Obviously, The Great Gatsby has been a huge success for Fitzgerald all over the world, and has even been turned into movies, starring actors such as Leonardo DiCaprio and Carey Mulligan.
However, Tender is the Night is a less well-known story of his, and I had no expectations about this novel before I picked it up. The novel focuses on the relationship between Rosemary Hoyt, an eighteen-year-old movie star, and Dick and Nicole Diver, the couple whom Rosemary meets while on holiday in the French Riviera. They are a rich, glamorous couple who live sophisticated lives and Rosemary becomes entangled in their social circle of more sophisticated, extraordinary people. Rosemary instantly becomes infatuated with Dick Diver, and the novel follows his delicate relationship with Nicole, full of dark secrets and corruption.
Tender is the Night is a biographical novel based on Fitzgerald’s experiences on the Riviera in southern France, where the majority of the novel is set. The Fitzgerald’s were staying with Gerald and Sara Murphy, the graceful and elegant couple who were the inspiration behind Dick and Nicole Diver, along with other notable people including Picasso. The novel had mixed reviews after it was published in 1933. After the onset of the Great Depression in 1929, Americans were less interested with reading about the gay lives of the rich and famous on the Riviera.
I really loved the form of this novel. It began with Rosemary’s point of view; she was like a child, interested in everyone, with an immature and naive outlook on other people. During Book I, the narrative switches to Nicole’s point of view, only for half a chapter. Nicole demonstrates a more ‘grown-up’ approach in comparison to Rosemary, and their two narratives together expose their difference as characters. When the narrative changes again to Rosemary’s perspective, the narrator literally exclaims: “to resume Rosemary’s point of view…” By the end of Book I, I found myself not focusing on what was being said, and becoming a bit bored. However, Book II changed everything for me. It goes back to when Dick and Nicole met. Dick is away at war and, having met once, Nicole declares she should have a pen-friend who she can write to when she feels the need and the novel changes to epistolary form. I absolutely loved Chapter 10, Book II, as it’s from Nicole’s point of view and whizzes through her entire relationship with Dick, from when they got married to when they first saw Rosemary on the beach. I really loved the way Fitzgerald did this; Book I demonstrates Rosemary’s first impression of Dick and Nicole whereas Book II demonstrates Dick and Nicole’s first impressions of Rosemary.

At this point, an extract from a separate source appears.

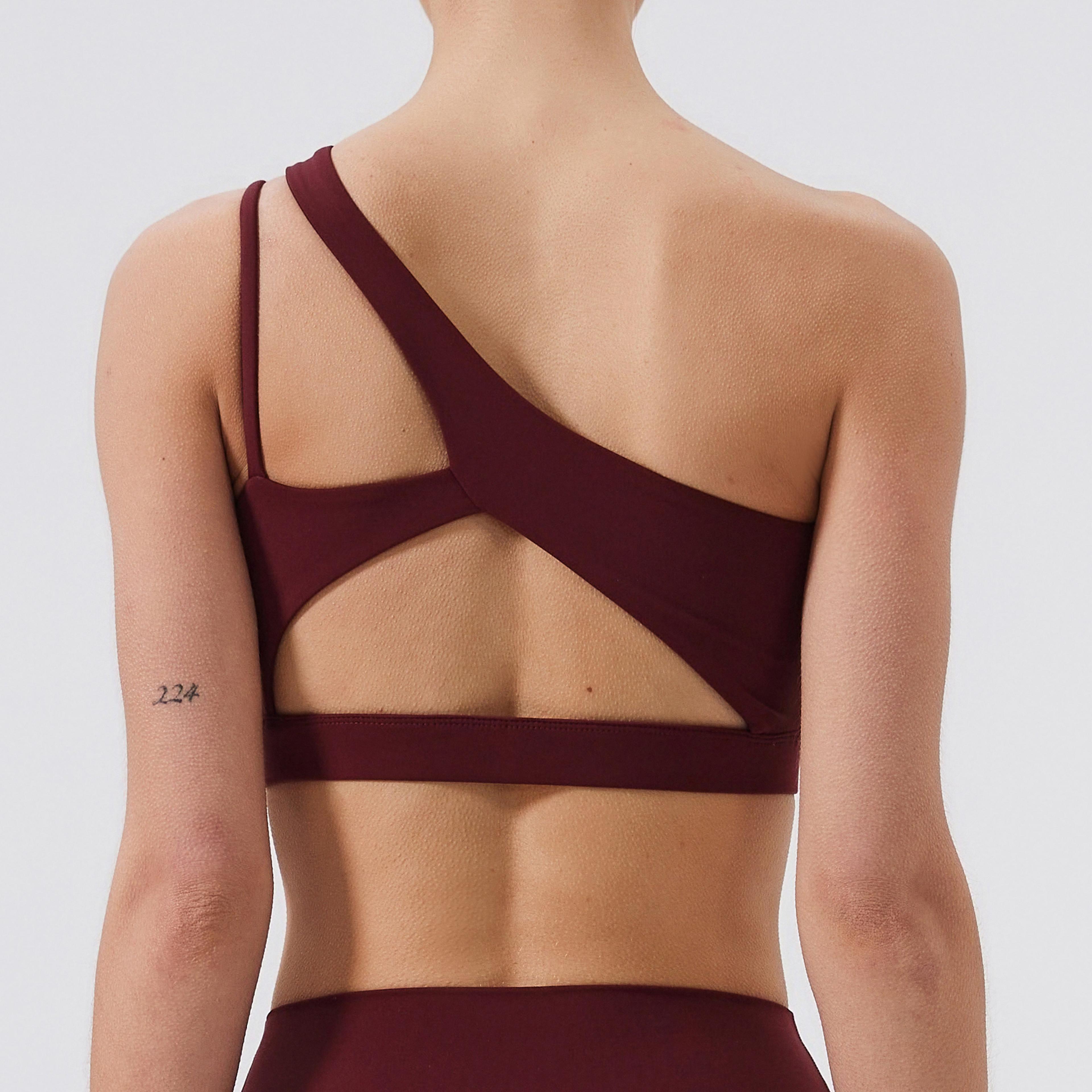 one shoulder sports bra push up breathable yoga gym bra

Nicole Diver, her brown back hanging from her pearls, was looking through a recipe book for chicken Maryland. She was about twenty-four, Rosemary guessed – her face could have been described in terms of conventional prettiness, but the effect was that it had been made first on the heroic scale, with strong structure and marking, as if the features and vividness of brow and coloring, everything we associate with temperament and character, had been molded with a Rodinesque intention, and then chiselled away in the direction of prettiness to a point where a single slip would have irreparably diminished its force and quality. With the mouth the sculptor had taken desperate chances – it was the cupid’s bow of a magazine cover, yet it shared the distinction with the rest.
I am among friends who like me. I am here on this tranquil beach with my husband and two children. Everything is alright – if I can finish translating this damn recipe for chicken a la Maryland into French. My toes feel warm in the sand.

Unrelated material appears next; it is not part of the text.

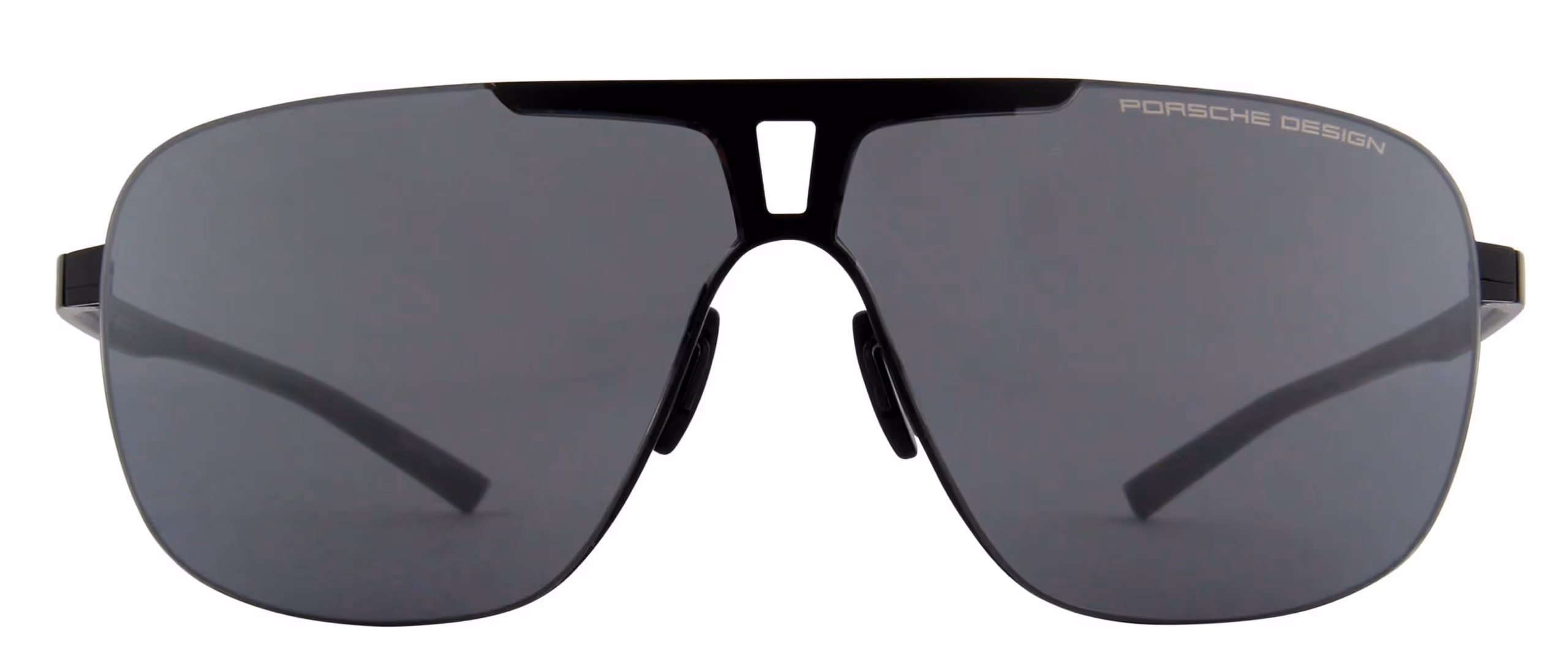 Black Porsche Design sunglasses with large rectangular dark lenses and thin frame.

“Yes, I’ll look. More new people – oh, that girl – yes. Who did you say she looked like…No, I haven’t, we don’t get much chance to see the new American pictures over here. Rosemary who? Well, we’re getting very fashionable for July – seems very peculiar to me. Yes, she’s lovely, but there can be too many people.”
Rosemary is clearly infatuated by Nicole’s beauty and her demeanor, however Nicole is very disinterested with Rosemary, despite the fact she is a celebrity.
I really loved this novel, especially the turns the plot takes towards the end.